#### Task material:
BEGIN

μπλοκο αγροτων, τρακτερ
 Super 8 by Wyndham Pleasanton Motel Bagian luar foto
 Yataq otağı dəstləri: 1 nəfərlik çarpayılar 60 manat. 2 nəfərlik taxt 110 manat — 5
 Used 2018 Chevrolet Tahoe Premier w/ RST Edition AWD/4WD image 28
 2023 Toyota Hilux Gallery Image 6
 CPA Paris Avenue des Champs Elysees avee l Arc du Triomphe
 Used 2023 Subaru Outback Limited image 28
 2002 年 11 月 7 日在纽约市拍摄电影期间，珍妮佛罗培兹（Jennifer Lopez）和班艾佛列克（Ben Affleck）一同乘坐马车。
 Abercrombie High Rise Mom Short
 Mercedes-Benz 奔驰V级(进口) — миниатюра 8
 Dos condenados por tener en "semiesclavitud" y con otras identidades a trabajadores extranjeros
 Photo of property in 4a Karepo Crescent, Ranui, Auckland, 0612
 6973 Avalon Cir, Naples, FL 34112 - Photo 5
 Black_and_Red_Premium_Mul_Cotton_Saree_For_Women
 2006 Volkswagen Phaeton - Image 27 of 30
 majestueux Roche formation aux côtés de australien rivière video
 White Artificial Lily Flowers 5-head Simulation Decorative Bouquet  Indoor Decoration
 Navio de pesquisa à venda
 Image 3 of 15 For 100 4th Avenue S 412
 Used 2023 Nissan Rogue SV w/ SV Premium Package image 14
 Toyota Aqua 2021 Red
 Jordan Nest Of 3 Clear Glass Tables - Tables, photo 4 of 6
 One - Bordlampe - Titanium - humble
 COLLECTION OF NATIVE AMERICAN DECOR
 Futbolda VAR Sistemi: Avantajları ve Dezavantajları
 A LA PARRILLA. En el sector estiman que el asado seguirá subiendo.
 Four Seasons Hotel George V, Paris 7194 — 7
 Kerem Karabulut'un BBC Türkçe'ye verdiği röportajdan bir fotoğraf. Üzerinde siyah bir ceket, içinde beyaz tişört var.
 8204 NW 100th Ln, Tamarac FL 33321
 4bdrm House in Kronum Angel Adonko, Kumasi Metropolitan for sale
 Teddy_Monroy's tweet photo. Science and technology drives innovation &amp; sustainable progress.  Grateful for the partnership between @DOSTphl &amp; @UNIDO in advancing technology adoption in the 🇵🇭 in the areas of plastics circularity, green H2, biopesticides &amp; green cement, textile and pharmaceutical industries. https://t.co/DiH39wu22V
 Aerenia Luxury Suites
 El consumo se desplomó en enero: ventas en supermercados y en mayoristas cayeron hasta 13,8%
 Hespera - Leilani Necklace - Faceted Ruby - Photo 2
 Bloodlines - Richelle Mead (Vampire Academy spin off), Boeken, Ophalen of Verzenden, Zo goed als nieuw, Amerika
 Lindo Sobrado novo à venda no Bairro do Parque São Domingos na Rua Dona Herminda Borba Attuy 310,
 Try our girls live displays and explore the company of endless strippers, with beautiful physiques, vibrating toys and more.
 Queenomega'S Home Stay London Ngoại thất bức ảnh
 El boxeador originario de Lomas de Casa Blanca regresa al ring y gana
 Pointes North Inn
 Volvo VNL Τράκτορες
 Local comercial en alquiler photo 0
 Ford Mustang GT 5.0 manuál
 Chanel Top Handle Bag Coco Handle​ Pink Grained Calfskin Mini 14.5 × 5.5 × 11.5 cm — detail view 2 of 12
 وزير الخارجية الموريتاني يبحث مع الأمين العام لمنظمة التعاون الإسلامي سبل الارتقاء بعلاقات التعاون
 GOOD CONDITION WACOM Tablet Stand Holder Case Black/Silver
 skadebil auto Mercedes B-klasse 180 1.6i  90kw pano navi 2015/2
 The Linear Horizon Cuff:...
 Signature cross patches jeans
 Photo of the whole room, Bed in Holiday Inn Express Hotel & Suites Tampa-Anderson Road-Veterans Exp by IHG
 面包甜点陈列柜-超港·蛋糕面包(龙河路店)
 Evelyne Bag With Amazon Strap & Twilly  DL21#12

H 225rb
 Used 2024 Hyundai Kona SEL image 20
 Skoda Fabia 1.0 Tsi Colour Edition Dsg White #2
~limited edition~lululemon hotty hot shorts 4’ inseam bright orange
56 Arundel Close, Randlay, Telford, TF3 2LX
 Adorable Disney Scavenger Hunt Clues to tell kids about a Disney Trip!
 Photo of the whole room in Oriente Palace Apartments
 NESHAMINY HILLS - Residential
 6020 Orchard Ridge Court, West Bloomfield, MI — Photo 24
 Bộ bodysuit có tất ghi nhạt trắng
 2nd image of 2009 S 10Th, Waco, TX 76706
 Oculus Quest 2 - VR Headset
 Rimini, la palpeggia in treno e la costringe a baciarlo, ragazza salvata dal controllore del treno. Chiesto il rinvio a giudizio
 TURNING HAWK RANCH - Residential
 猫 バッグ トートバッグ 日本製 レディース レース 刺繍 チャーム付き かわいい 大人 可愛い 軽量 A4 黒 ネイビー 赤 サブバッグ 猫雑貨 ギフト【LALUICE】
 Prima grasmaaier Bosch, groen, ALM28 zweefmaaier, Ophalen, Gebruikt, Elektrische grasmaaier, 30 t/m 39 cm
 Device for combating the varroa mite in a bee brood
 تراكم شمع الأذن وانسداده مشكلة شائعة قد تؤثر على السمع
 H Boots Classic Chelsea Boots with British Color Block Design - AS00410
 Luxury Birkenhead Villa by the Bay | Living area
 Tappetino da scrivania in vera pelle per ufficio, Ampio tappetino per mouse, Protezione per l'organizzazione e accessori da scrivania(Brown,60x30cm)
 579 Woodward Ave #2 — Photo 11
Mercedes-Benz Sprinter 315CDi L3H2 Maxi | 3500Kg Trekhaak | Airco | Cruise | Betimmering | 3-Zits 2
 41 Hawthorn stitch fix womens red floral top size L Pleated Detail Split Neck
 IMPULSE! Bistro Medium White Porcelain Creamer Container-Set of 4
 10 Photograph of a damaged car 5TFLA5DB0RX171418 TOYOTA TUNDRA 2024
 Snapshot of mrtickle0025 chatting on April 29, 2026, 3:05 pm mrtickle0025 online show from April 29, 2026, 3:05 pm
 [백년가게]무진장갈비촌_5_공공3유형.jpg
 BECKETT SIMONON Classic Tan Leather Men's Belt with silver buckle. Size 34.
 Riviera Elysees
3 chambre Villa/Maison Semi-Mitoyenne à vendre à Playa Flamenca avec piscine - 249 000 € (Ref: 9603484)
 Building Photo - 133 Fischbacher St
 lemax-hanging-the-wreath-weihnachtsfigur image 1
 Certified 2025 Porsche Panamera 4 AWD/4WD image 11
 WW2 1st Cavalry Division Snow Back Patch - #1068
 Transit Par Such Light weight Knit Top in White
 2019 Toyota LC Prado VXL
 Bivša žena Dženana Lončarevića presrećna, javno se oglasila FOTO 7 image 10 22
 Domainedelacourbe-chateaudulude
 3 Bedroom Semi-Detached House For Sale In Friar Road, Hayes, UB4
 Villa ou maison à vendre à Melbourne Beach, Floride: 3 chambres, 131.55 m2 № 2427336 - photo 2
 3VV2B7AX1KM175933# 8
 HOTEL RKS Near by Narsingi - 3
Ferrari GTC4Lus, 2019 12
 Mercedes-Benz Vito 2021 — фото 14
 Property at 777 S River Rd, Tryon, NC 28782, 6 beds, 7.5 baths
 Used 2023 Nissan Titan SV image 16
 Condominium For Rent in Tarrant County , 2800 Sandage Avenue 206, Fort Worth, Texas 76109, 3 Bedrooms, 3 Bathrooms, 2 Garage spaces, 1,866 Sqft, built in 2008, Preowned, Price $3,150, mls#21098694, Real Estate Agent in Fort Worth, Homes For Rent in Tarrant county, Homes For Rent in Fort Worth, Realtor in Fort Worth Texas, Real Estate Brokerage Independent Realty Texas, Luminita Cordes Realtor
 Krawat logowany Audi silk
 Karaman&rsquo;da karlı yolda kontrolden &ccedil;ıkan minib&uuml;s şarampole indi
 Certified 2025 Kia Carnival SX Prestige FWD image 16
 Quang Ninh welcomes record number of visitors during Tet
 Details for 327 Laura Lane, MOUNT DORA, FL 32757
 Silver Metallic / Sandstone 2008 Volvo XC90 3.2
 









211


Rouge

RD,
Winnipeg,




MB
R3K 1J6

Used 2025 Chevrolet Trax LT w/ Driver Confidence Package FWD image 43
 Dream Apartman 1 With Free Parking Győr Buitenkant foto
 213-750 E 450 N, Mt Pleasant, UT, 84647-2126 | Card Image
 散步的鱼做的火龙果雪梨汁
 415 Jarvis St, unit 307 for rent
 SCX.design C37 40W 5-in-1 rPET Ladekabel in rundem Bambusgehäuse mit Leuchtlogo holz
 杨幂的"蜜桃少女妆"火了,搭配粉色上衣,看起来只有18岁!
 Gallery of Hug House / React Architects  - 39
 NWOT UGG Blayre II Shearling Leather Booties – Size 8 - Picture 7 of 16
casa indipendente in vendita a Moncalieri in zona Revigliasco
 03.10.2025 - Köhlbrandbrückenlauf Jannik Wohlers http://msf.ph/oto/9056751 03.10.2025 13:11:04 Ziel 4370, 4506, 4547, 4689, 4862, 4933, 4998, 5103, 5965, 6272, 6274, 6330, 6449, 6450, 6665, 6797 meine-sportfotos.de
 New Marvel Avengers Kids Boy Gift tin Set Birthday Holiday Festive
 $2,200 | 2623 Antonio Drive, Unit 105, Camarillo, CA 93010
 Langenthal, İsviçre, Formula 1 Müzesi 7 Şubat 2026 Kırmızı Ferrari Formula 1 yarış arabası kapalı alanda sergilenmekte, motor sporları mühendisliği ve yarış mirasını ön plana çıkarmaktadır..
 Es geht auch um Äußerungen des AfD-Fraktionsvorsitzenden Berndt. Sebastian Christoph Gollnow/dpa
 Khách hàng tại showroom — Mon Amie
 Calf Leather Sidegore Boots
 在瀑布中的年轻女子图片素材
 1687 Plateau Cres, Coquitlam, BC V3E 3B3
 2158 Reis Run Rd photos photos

END

#### What is needed:
Look in the material above for the line with "579 Woodward Ave #2 — Photo 11" and the line with "Riviera Elysees", and transcribe exactly those lines and all lines between them, nothing more.

#### Final answer:
 579 Woodward Ave #2 — Photo 11
Mercedes-Benz Sprinter 315CDi L3H2 Maxi | 3500Kg Trekhaak | Airco | Cruise | Betimmering | 3-Zits 2
 41 Hawthorn stitch fix womens red floral top size L Pleated Detail Split Neck
 IMPULSE! Bistro Medium White Porcelain Creamer Container-Set of 4
 10 Photograph of a damaged car 5TFLA5DB0RX171418 TOYOTA TUNDRA 2024
 Snapshot of mrtickle0025 chatting on April 29, 2026, 3:05 pm mrtickle0025 online show from April 29, 2026, 3:05 pm
 [백년가게]무진장갈비촌_5_공공3유형.jpg
 BECKETT SIMONON Classic Tan Leather Men's Belt with silver buckle. Size 34.
 Riviera Elysees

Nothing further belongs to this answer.